For a camper you need to get a trailer rated tire.  It probably doesn't matter a great deal on the size so long as it'll fit the rim and not rub the fenders.  The thing it has to do is carry the weight.  Tires have alphabetical load ratings, most trailers need an E rated tire for the load.  Typical car tires are A or B and light trucks are C's 3/4 ton trucks have D or E rated tires.  The difference is the load capacity of the tire.

Skipper


----------



## Mako22 (Aug 4, 2009)

Skipper said:


> For a camper you need to get a trailer rated tire.  It probably doesn't matter a great deal on the size so long as it'll fit the rim and not rub the fenders.  The thing it has to do is carry the weight.  Tires have alphabetical load ratings, most trailers need an E rated tire for the load.  Typical car tires are A or B and light trucks are C's 3/4 ton trucks have D or E rated tires.  The difference is the load capacity of the tire.
> 
> Skipper



Now you have to come in here and tell me how to do it right when I just want to redneck this thing up to the hunt camp. I appreciate the insight and I will have to look into that, I suppose that trailer tires cost more $$$.


----------



## Doc_5729 (Aug 4, 2009)

> I suppose that trailer tires cost more $$$.



In most cases the answer is Yes, they cost more.

and fwiw - In some cases you can buy the tire mounted on a new wheel cheaper than the tire alone. I don't know why, but that's the way it is.


----------



## Pineyrooter (Aug 4, 2009)

Go with a trailer tire if your going to be moving it much at all.


----------



## Mako22 (Aug 4, 2009)

Pineyrooter said:


> Go with a trailer tire if your going to be moving it much at all.



I'll be moving it 90 miles to camp and then 90 miles back from camp. So it will roll twice a year as Plum creek will not let us keep campers on the lease during June and July.


----------



## 243Savage (Aug 4, 2009)

Woodsman69 said:


> Thanks but thats the same chart that I could not understand an hour ago.
> Which series column do I look in?
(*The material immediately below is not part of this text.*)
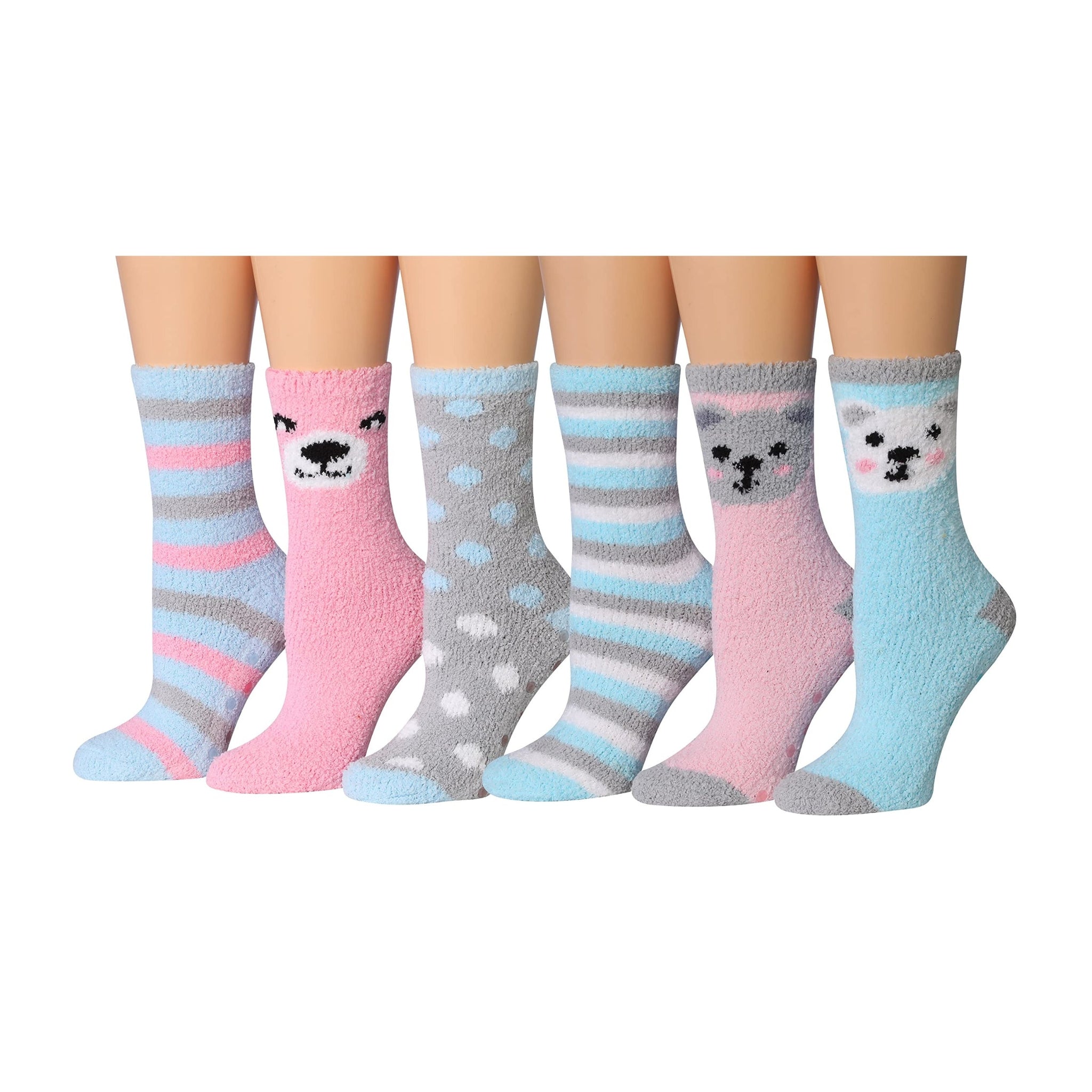 Women's 6 Pairs Cozy Microfiber Soft Anti-Skid Dotted Delight Colorful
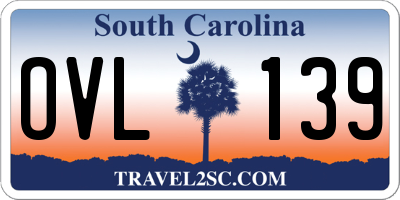 SC license plate OVL139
I must be an idiot.



11th line up from the bottom, second column shows the size you posted.  Follow it across to the right and you'll see the comparitive tire sizes for the type tire indicated in it's column heading.


----------



## jkoch (Aug 4, 2009)

Check out your local tire store. they will set you right.


----------



## Twenty five ought six (Aug 5, 2009)

Doc_5729 said:


> In most cases the answer is Yes, they cost more.
> 
> and fwiw - In some cases you can buy the tire mounted on a new wheel cheaper than the tire alone. I don't know why, but that's the way it is.



Yep. ran into that with boat trailer tires.  Don't understand it at all.

Just ran into the same thing with tires for riding lawnmower.

No one wanted to mount the tires, and the wheel and tire assembly was $10.00 -- for the exact same tire.


----------